### EXERCISE REQUIREMENTS
From the line containing "2015 FORD EDGE SEL" through the last line of the listing, output each line exactly as it stands. Omit pictures.

### DATA EXTRACT

· · · · · · ·

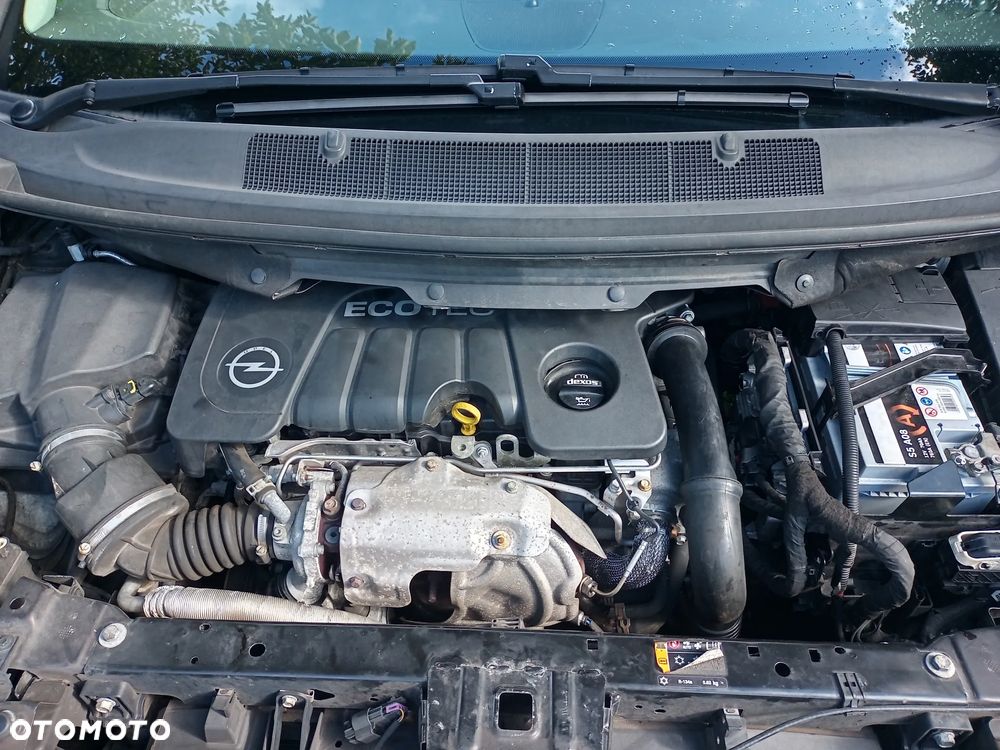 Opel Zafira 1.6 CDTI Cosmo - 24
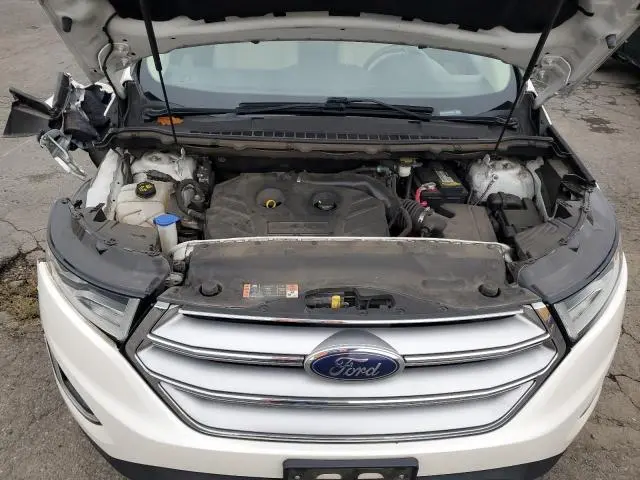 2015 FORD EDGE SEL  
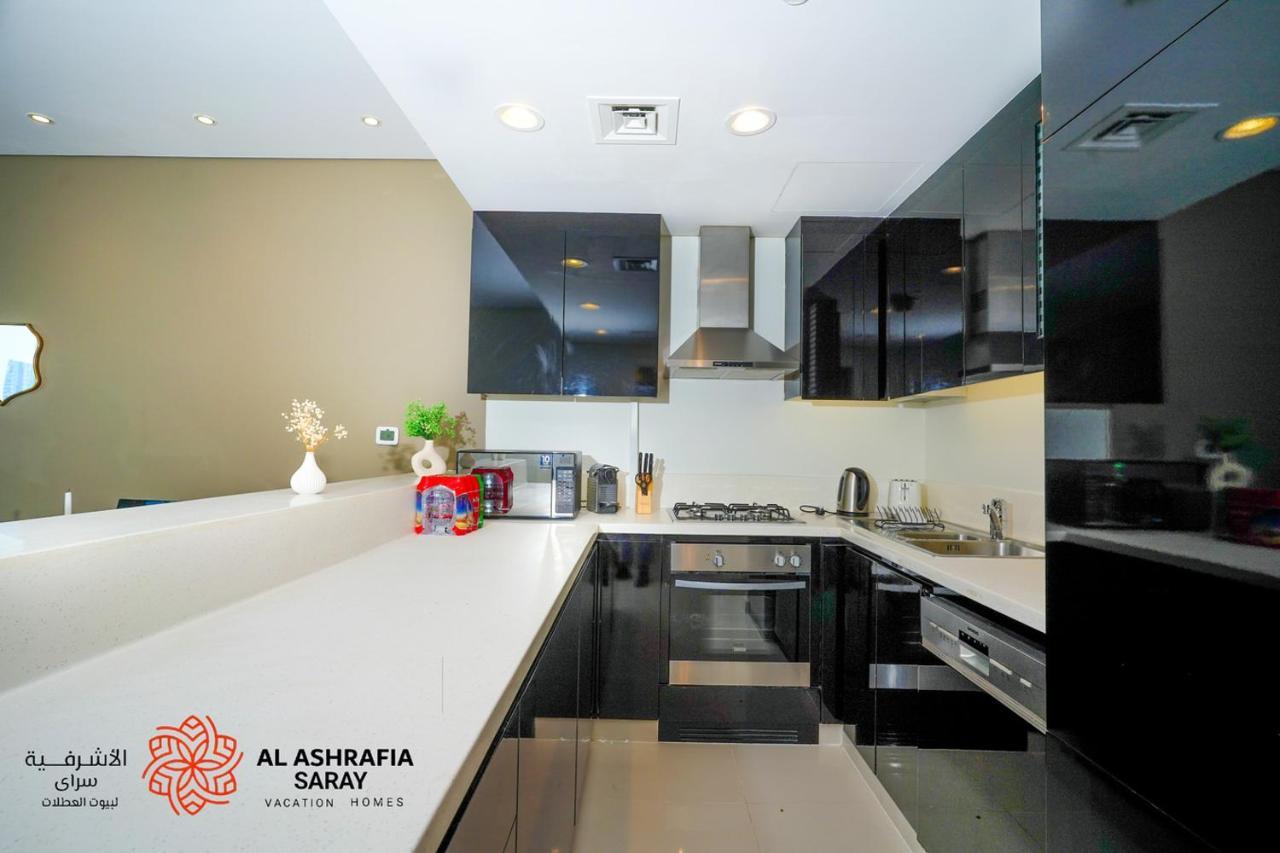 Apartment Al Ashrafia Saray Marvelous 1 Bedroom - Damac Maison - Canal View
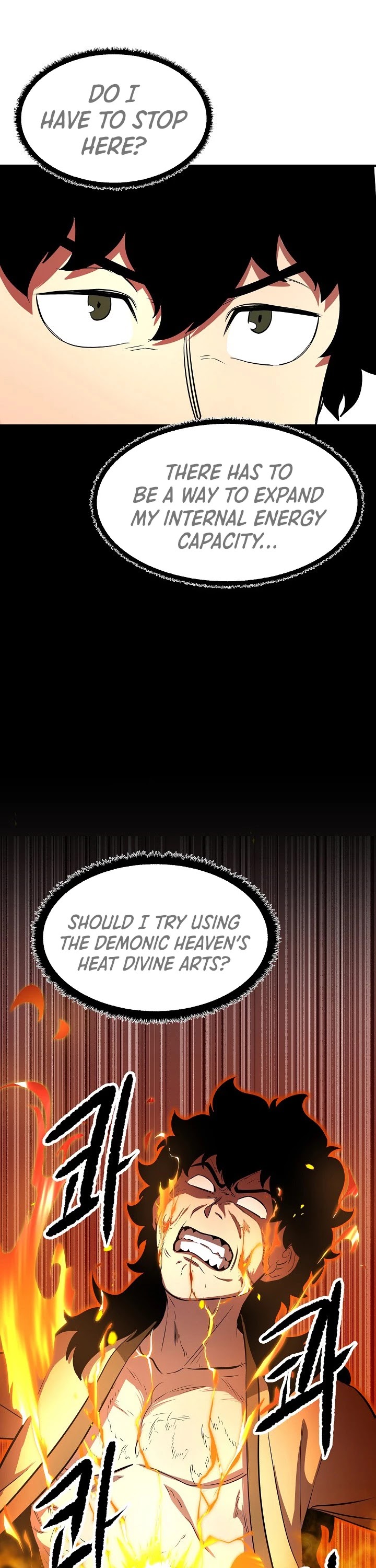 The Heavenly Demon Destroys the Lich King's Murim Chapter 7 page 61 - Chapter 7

· · · · · · ·

### FINAL ANSWER
 2015 FORD EDGE SEL  
 Apartment Al Ashrafia Saray Marvelous 1 Bedroom - Damac Maison - Canal View
 The Heavenly Demon Destroys the Lich King's Murim Chapter 7 page 61 - Chapter 7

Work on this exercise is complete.